FREIfRAU VON WILlEN

Lyrisches aus Freifrau von Willens Feder
Kaminzimmer
kapriolen

Mohnkapsel
Aus weit entfernter Höhe
besehe ich die Welt.
Ich bin tausend Stücke,
die nichts zusammenhält.
Der Wind drängt eine Böe
durch den blassen Mohn.
Ich bin kaum mehr als Lücke.
Der Himmel dämmert schon.
Die Weite drückt mich an sich.
Das Meer verschluckt das Land.
Ich – entrücke – mich.
Kein Horizont, nur Rand.
Bruder
Ich fühle dich, noch ehe ich dich sehe
Du sitzt versunken da auf einer Bank
ein Stapel Bücher unberührt daneben
Es scheint, du suchst in vielen Tiefen nach dem Grund
Dein Blick gen Boden starrt verschleiert
Du hängst in dir wie ein gewaschen' Hemd im Schrank
In dein Gesicht sind scharf die Fragen eingegraben
und Schwere zieht an deinem schiefen Mund
Ich schickte dir so gerne meinen Trost
mit einem Lächeln etwas schwesterlichen Mut
höbst du die Augen doch für einen kurzen Blick...
Missglückt. Zu fern liegst du begraben in dir selbst
Salix babylonica
„Ich sterbe“, flüstert ängstlich das Blatt.
„Ich traure“, bedauert die Weide.
Und eh‘ das Blatt sich versehen hat
bestand seine Zeit nur aus Leide,
denn sein Welken begann schon im Spross.
Zwar tat es am Baum seine Dienstpflicht
im Sinne der Fotosynthese,
genießen konnt‘ es sein Dasein nicht,
aus Angst, dass es alsbald verwese.
Wie auch aus Sorg‘ der Baum nicht genoss.

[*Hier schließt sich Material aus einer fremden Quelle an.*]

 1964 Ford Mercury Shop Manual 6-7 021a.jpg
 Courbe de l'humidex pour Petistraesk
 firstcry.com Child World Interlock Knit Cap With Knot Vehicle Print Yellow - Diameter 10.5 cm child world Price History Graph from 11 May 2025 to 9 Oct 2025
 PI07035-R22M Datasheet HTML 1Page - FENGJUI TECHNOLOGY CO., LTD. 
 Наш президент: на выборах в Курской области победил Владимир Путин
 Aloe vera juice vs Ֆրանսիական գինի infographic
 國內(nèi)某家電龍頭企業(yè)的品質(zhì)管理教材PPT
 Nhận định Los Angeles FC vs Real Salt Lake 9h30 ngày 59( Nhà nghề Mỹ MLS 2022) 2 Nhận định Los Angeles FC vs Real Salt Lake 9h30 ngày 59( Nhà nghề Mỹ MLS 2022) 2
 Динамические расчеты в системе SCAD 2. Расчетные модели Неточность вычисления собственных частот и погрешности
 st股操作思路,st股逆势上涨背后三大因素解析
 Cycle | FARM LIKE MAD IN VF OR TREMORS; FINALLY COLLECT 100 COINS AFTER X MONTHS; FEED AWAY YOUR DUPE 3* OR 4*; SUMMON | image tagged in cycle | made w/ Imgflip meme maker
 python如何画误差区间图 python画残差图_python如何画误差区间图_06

Nun fühlst du, menschlicher Moralist,
Mitleid mit Blatt und mit Baum.
Doch weißt du, dass das nur Gleichnis ist,
denn Weiden leiden wohl kaum.
Elegie vom leeren Beichtstuhl
Schnee schmilzt zum See wenn er geht und das Lied seiner Klage geht unter.
Klagen nur kann, wer auch ist. Leben ist sterben auf Zeit.

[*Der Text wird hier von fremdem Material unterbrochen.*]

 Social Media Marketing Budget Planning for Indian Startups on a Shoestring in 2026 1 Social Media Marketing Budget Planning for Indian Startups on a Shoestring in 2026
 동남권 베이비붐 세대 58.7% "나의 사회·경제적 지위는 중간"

Wir glauben Wundern nicht mehr, sind der Technik und Wissenschaft hörig.
Gibt keinen Gott mehr dort oben, sind nun Herrscher wir selbst.
Tragen die Last auch wir selbst, tragen die Schuld des Despoten und Sklaven.
Bürden die Last auch dem andern auf, Tyrannen voll Furcht.
Siehst du den Vogel hoch oben, wie silbern, wie schön er tanzt? Doch er
tanzt auf den Untergang zu! - Schuld. Trägst die Schuld, trägst sie Du?
Tief in die Erde da bohrt sich ein Stahldolch ins ächzende Herz und
saugt seine Mutter sich tot. Wer, wenn nicht… wer, wenn nicht Du?
Tanzen ist nur Privileg eines Tieres, denn Menschsein bedeutet
Kampf! Brennend stürzen wir dich, Welt, und uns selbst mit vom Thron.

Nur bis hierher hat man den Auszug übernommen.